- Problem to work on -
Give the whole listing below once more, exactly, without pictures.

- Data block -
·····

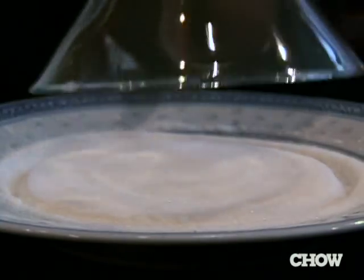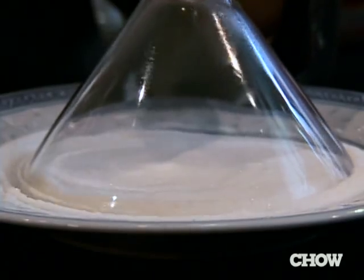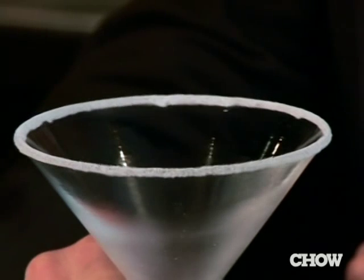Flip it over and I dip it — in this case into the sugar — slightly press into it and then lift it up, and what I'm left with is a near perfect rim of sugar.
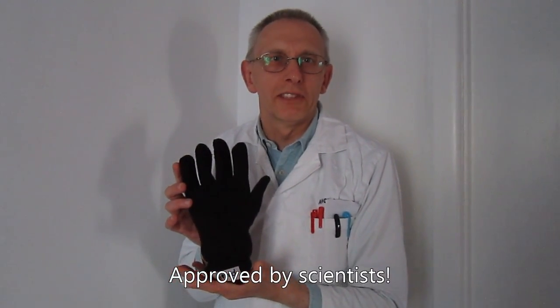Normal gloves not warm enough? Then get Gloved. Simply activate the reusable hand warmer and slip it into the hidden pocket. Tests show that Gloved are the warmest gloves around.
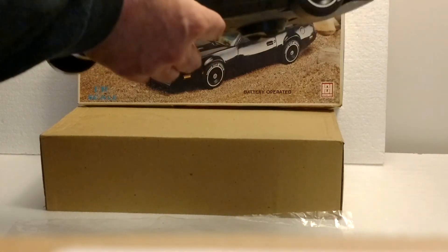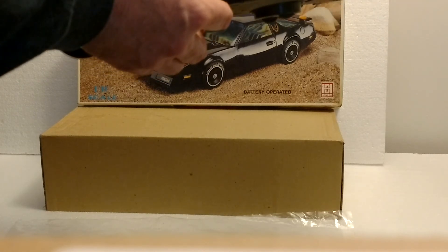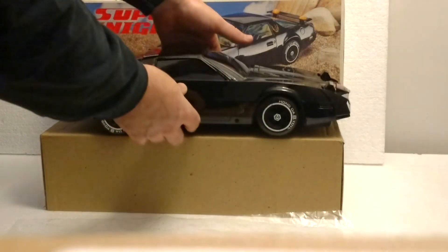And now, get ready for the really annoying sound that it makes. Gotta love those battery operated toys from the 80s.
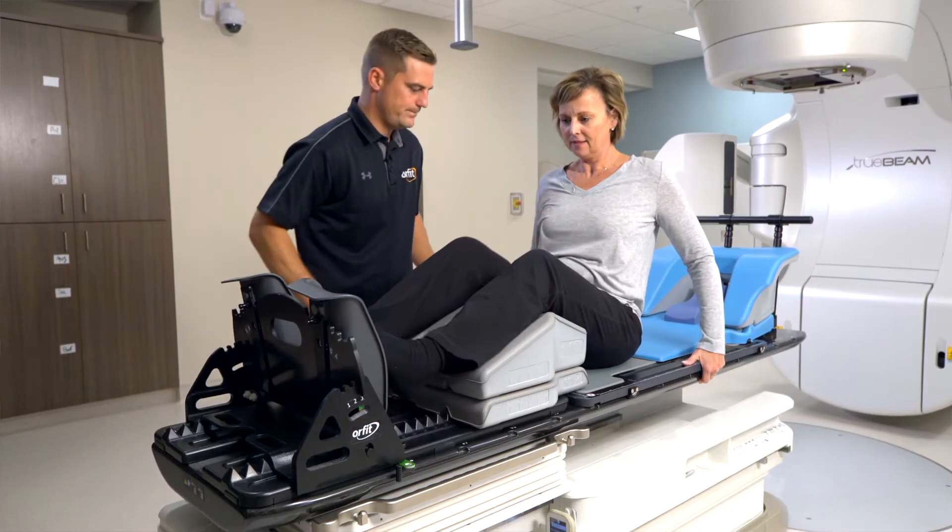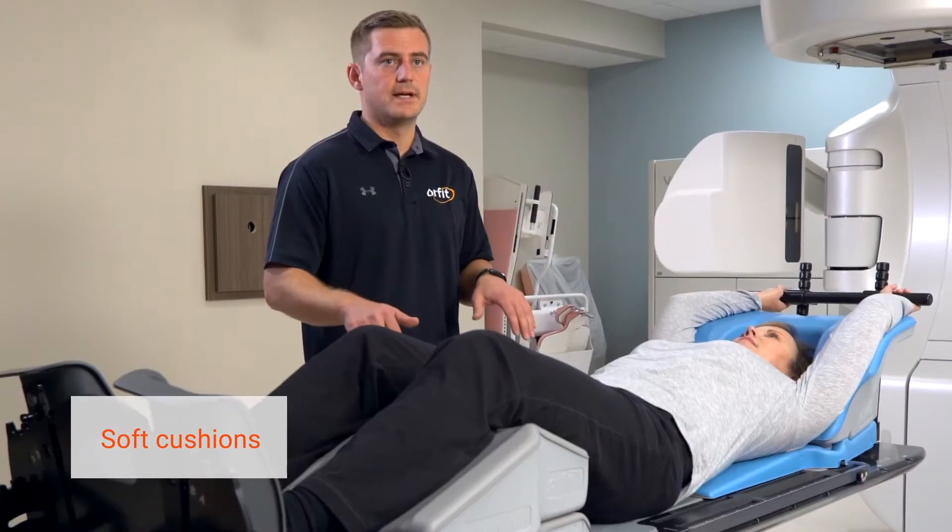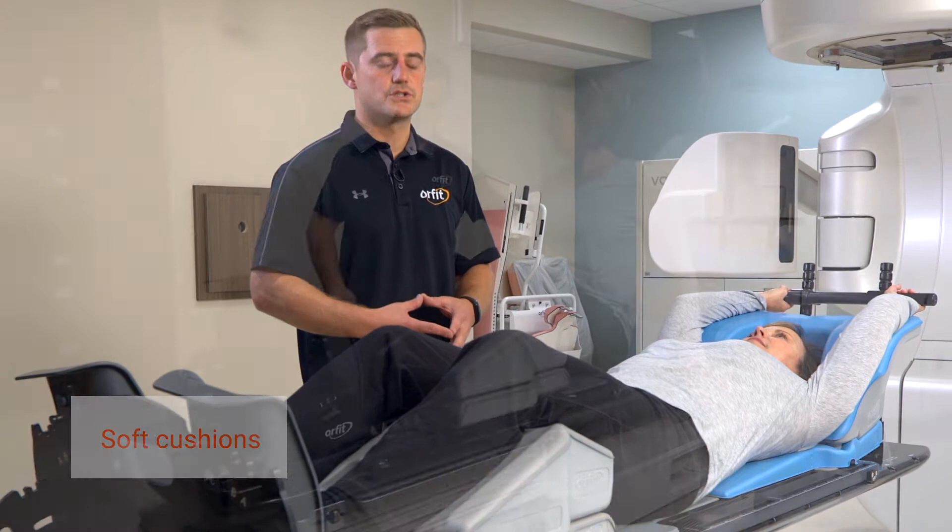Justin from Orfit here. Just want to point out some key features of the AIO 3.0. One of the main focuses here is patient comfort. We have an integrated cushion that's built into the base plate, so the patient is always laying on a cushion.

·····

- Written answer -
Flip it over and I dip it — in this case into the sugar — slightly press into it and then lift it up, and what I'm left with is a near perfect rim of sugar.
Normal gloves not warm enough? Then get Gloved. Simply activate the reusable hand warmer and slip it into the hidden pocket. Tests show that Gloved are the warmest gloves around.
And now, get ready for the really annoying sound that it makes. Gotta love those battery operated toys from the 80s.
Justin from Orfit here. Just want to point out some key features of the AIO 3.0. One of the main focuses here is patient comfort. We have an integrated cushion that's built into the base plate, so the patient is always laying on a cushion.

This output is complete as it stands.